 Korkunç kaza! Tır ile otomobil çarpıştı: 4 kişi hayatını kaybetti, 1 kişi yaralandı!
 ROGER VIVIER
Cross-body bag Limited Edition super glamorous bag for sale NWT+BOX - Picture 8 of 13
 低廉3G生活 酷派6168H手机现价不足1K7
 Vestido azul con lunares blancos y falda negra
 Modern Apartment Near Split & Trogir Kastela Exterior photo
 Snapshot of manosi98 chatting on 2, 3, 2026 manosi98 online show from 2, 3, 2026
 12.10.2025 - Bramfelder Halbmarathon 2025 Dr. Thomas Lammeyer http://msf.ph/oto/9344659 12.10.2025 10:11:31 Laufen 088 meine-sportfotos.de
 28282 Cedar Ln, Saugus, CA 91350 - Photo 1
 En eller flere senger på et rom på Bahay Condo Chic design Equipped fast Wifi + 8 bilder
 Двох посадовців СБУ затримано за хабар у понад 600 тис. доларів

+---+

From the first line of the entries above to the line with "Snapshot of manosi98", please return every line exactly, keeping both ends.

• EXERCISE RESPONSE
 Korkunç kaza! Tır ile otomobil çarpıştı: 4 kişi hayatını kaybetti, 1 kişi yaralandı!
 ROGER VIVIER
Cross-body bag Limited Edition super glamorous bag for sale NWT+BOX - Picture 8 of 13
 低廉3G生活 酷派6168H手机现价不足1K7
 Vestido azul con lunares blancos y falda negra
 Modern Apartment Near Split & Trogir Kastela Exterior photo
 Snapshot of manosi98 chatting on 2, 3, 2026 manosi98 online show from 2, 3, 2026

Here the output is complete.